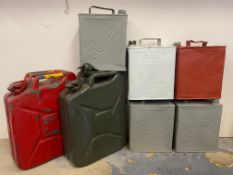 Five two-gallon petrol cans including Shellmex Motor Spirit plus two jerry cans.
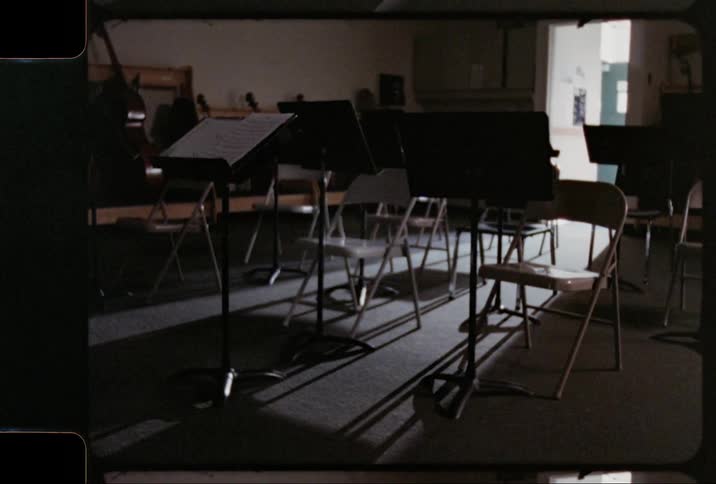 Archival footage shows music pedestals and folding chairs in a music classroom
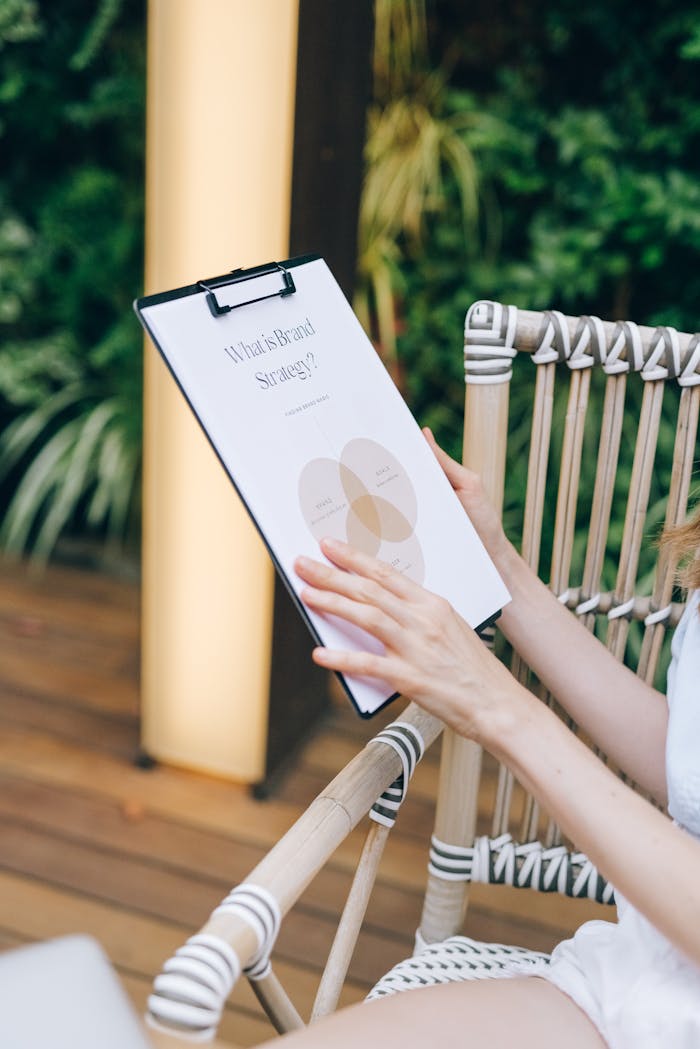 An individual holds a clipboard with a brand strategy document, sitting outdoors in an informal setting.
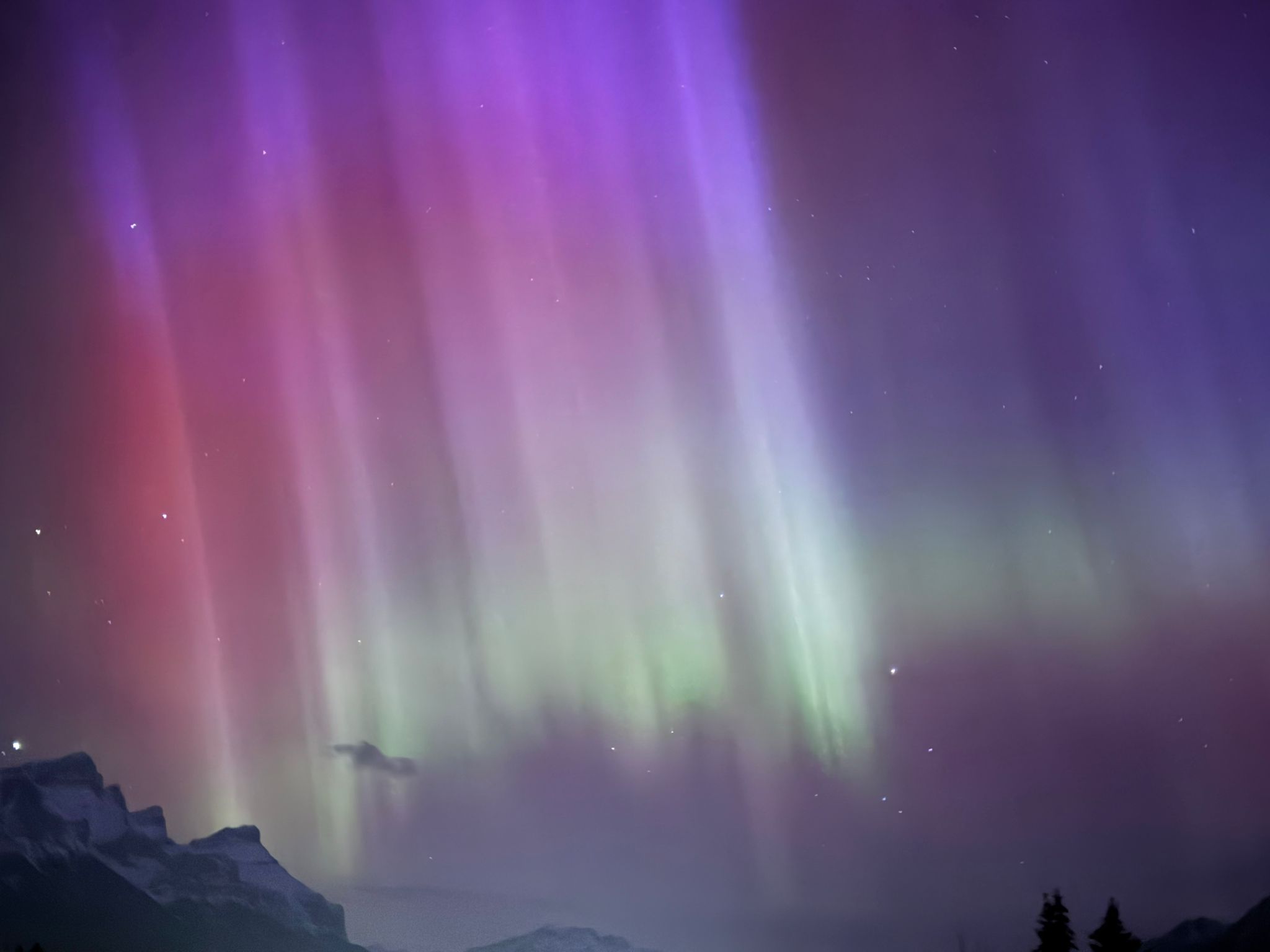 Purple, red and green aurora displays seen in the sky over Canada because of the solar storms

---

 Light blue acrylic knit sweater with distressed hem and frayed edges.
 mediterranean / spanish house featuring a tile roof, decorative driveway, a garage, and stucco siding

...

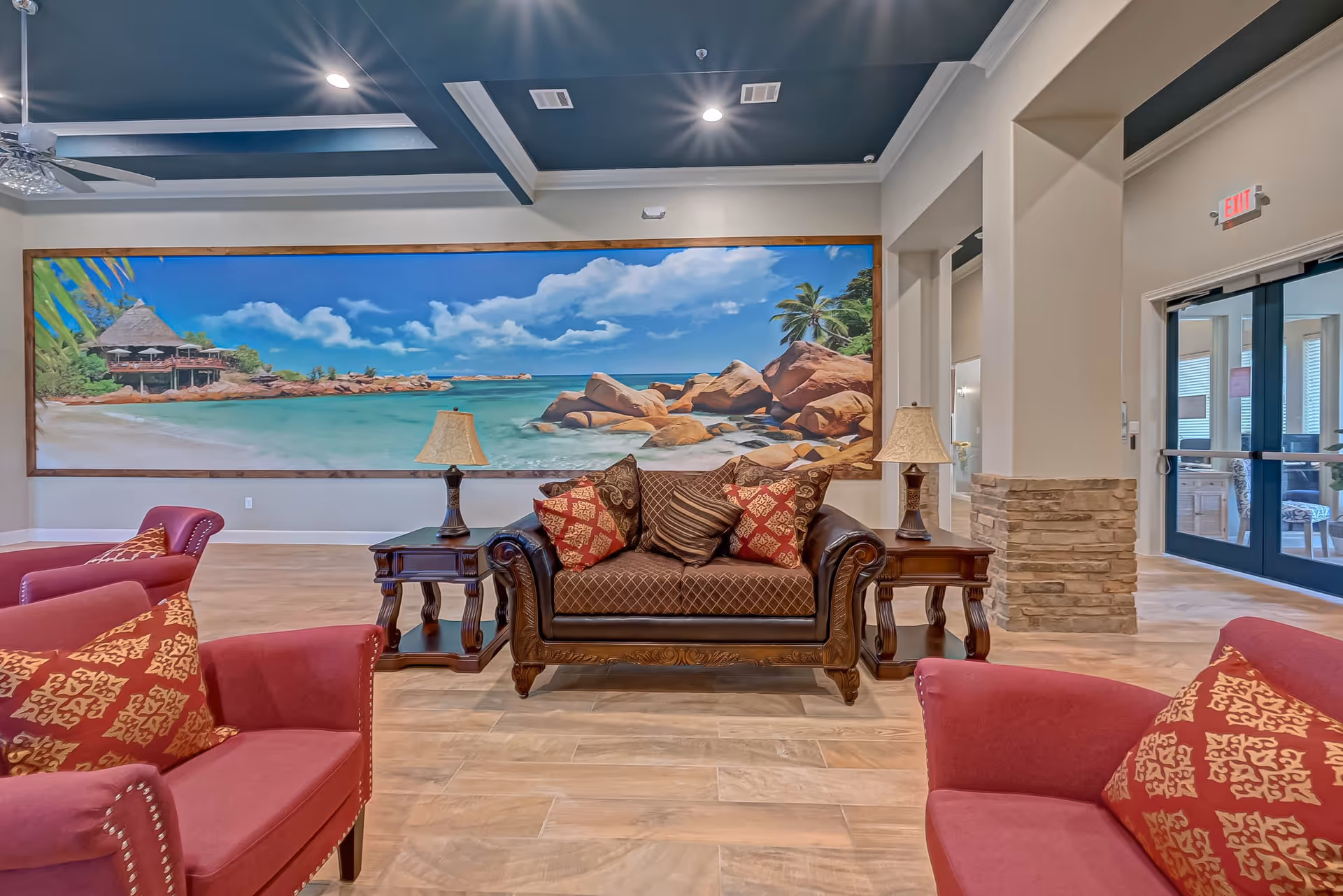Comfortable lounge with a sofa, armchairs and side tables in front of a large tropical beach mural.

■ What the task requires
Using the entries above, transcribe exactly from the line that has "Five two-gallon petrol" through the line that has "Purple, red and". Pictures are dropped.

■ Task output
 Five two-gallon petrol cans including Shellmex Motor Spirit plus two jerry cans.
 Archival footage shows music pedestals and folding chairs in a music classroom
 An individual holds a clipboard with a brand strategy document, sitting outdoors in an informal setting.
 Purple, red and green aurora displays seen in the sky over Canada because of the solar storms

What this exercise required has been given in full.